We propose to advance Vim-FUSA with the support of 3-D tractography, a neuroimaging technique to visually
represent nerve tracts within the brain. We hypothesize that 3-D tractography Vim-FUSA will improve the Vim
ablation compared to standard Vim-FUSA and prove safe and feasible in the clinical setting. We also hypothesize
that intraoperative magnetic resonance (i-MR) monitoring will differentiate ablated tissue from immediate
perilesional edema and accurately predict the Vim-FUSA clinical outcomes.
Aim 1. Estimate and characterize the improvement in Vim ablation achieved with 3-D tractography
Vim-FUSA vs. standard Vim-FUSA in an experimental controlled animal study. Through an experimental
animal study, we will characterize the Vim ablation delivered with 3-D tractography Vim-FUSA in one hemisphere
(experimental group) vs. standard Vim-FUSA in the opposite hemisphere (control group).
Aim 2. Test safety, feasibility, and preliminary efficacy, and estimate effect size of 3-D tractography
Vim-FUSA in a phase-II, two-groups, pre-post interventional human study. In a human study, we will test
the safety and feasibility of ablating 70% of the Vim volume while checking for side effects with intraoperative
clinical testing.
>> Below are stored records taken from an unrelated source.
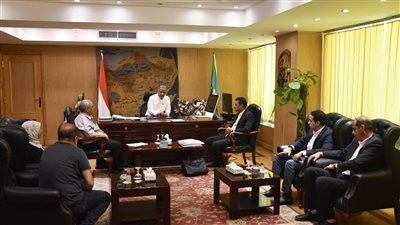 محافظ الفيوم يتابع استعدادات المستشفى العام لعيد الفطر 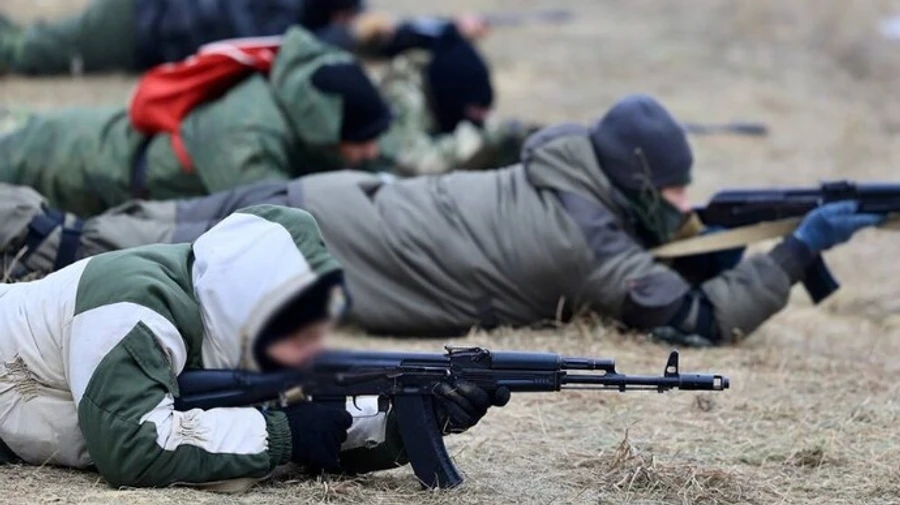 Territorial defence battalions begin forming in Belgorod Oblast of Russian Federation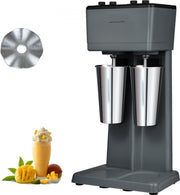 Pro Drink Mixer - Milkshake Machine met Dubbele Kop - 750W- 820ML - 3 Snelheidsstanden - 15000/18000/21000RPM - Roestvrijstalen Kop - Melk- en Eiwitshake - Drink Mixer - Cocktail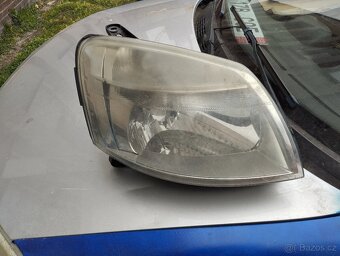 Přední Maška a světla Peugeot Partner, Berlingo - 17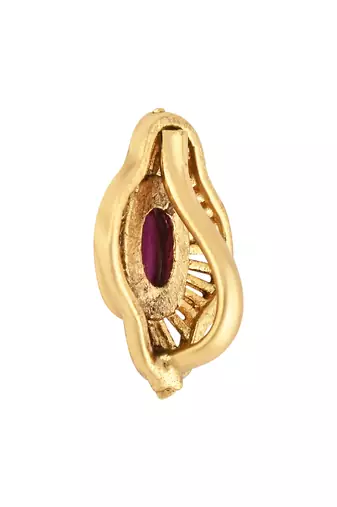 Traditional Clip On Nose Pin Without Piercing For Women And Girls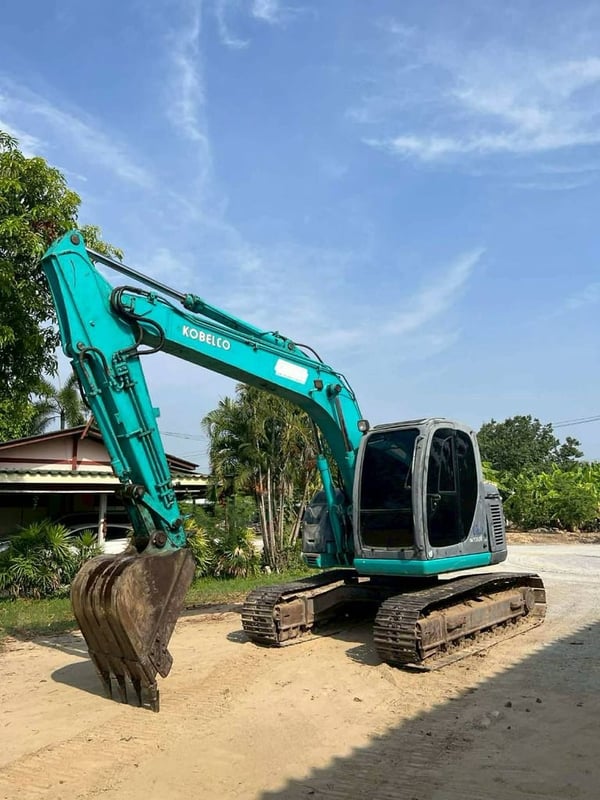 Kobelco sk135sr YY03 ระบบไฟฟ้าครบ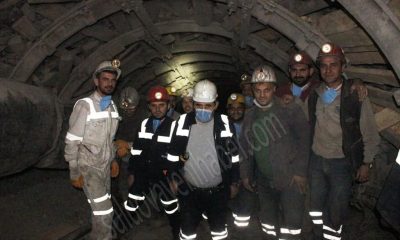 EMEĞİN VE ALIN TERİNİN SİMGESİ MADENCİLERİMİZİN “4 ARALIK DÜNYA MADENCİLER GÜNÜ” KUTLU OLSUN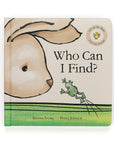 Jellycat WHO CAN I FIND BOOK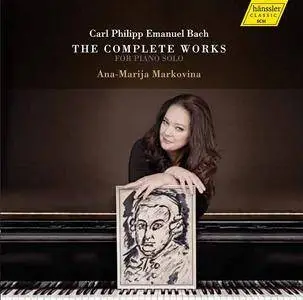 Ana-Marija Markovina - Carl Philipp Emanuel Bach Bach: Complete Works for Piano solo (26CD) (2014)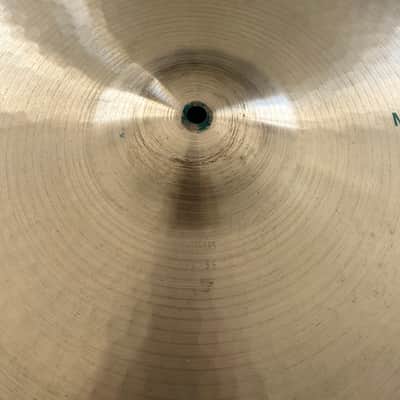 Paiste 20" 505 "Green Label" Medium Cymbal 1980 - 1985 - Traditional image 4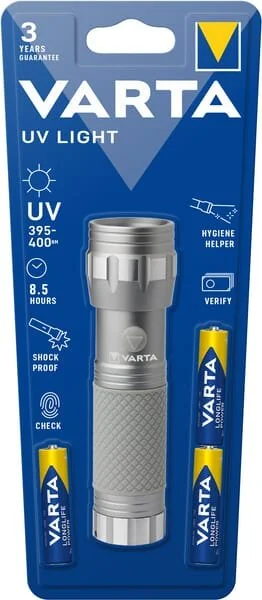 VARTA Consumer Batteries - 15638 - Luce UV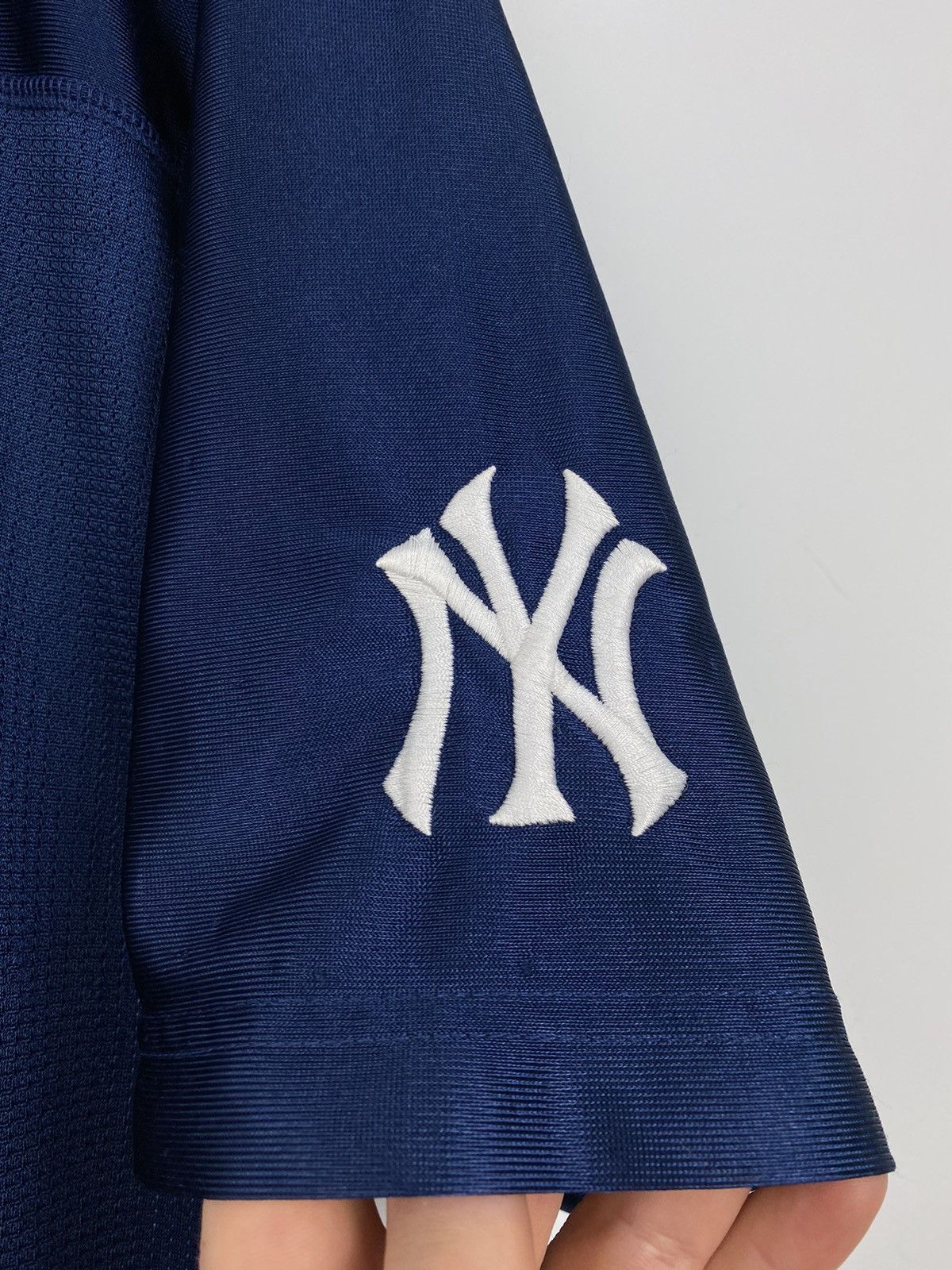 Lee Vintage New York Yankees MLB Lee Jersey Dodgers Mets 90s Size US XL / EU 56 / 4 - 3 Thumbnail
Tremor assessments will be videotaped at baseline and 12 weeks and compared, in a blinded
fashion, with age-sex matched controls randomly selected from the video repository of the two FDA-regulated
studies of standard Vim-FUSA at baseline and 12 weeks.
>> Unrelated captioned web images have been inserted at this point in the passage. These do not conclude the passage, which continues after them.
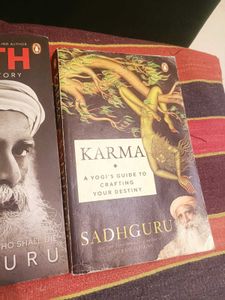 Sadhguru Book collection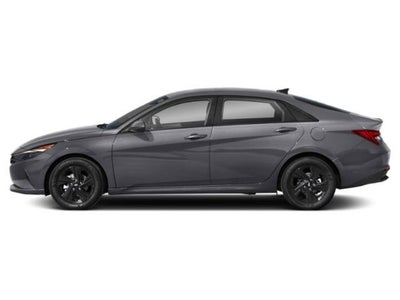 2023 Hyundai ELANTRA HYBRID Blue
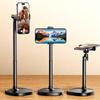 Cell Phone Holder For Desk, Angle Height Adjustable Phone Holder For Desk, Aluminum Alloy Universal Phone Holder Recording, Retractable Holder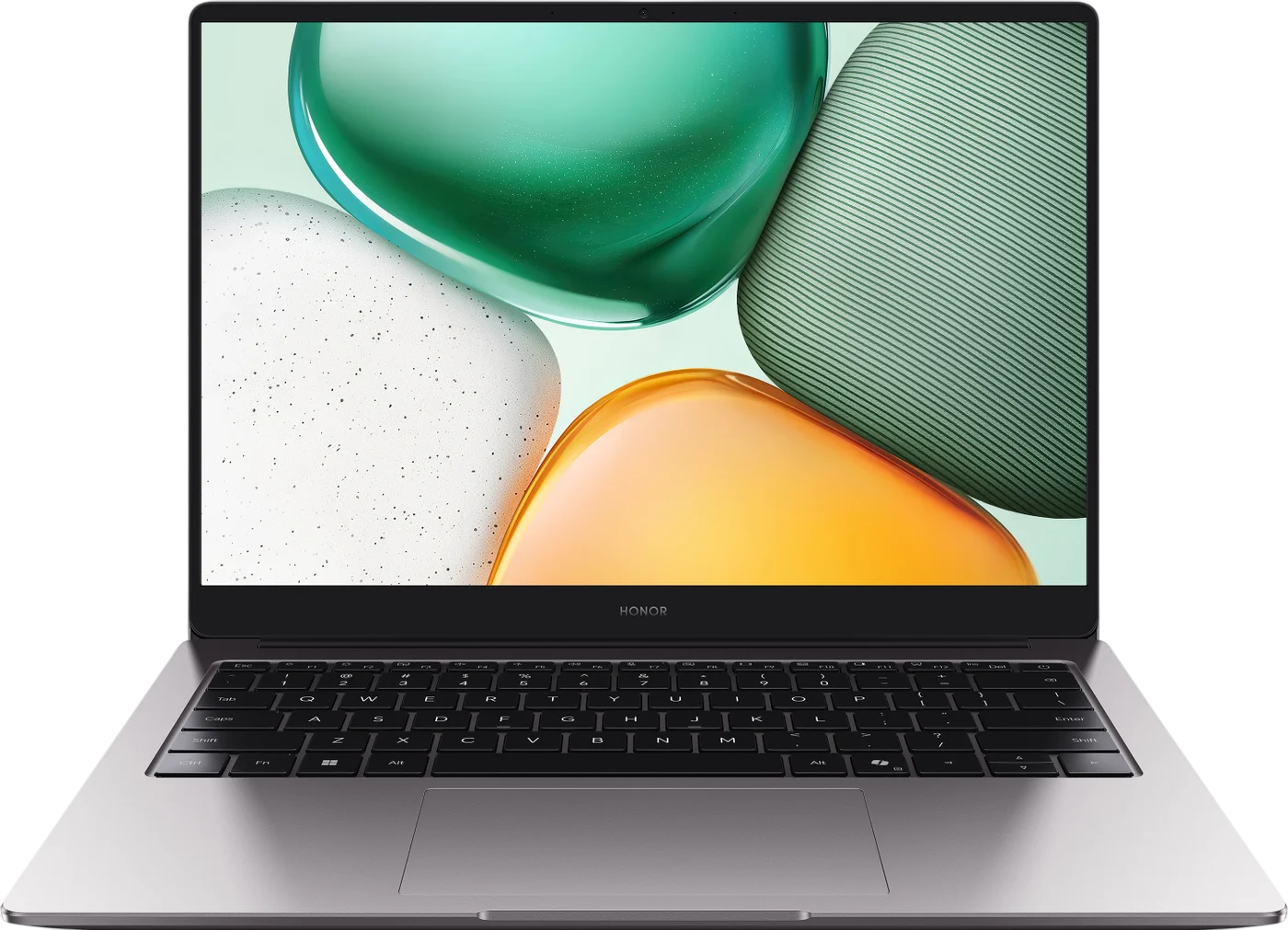 Ноутбук HONOR MagicBook X14 (Ryzen 7 7735HS/14" 1920x1200/16Gb/512Gb SSD/Radeon 680M/Win 11 Home) 5301AQKL Серый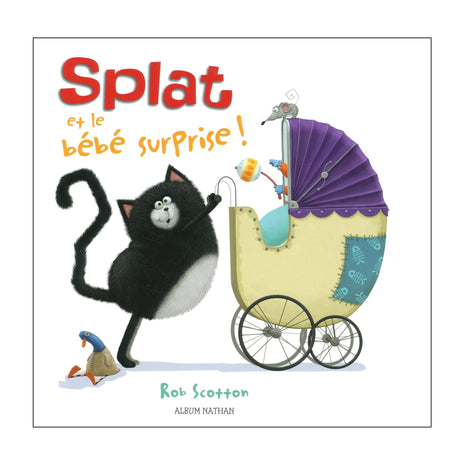 Splat Et Le Bébé Surpise-Nathan-NHN-782092580707-CLÉMENT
Aim 3 (Exploratory). Assess the accuracy of i-MR in differentiating tissue ablation from immediate
perilesional edema and its utility in predicting Vim-FUSA clinical outcomes. In the experimental animal
study, we will estimate and compare the accuracy of conventional and non-conventional i-MR in differentiating
tissue necrosis from perilesional edema. In the interventional human study, we will evaluate the utility of i-MR in
predicting Vim-FUSA clinical outcomes.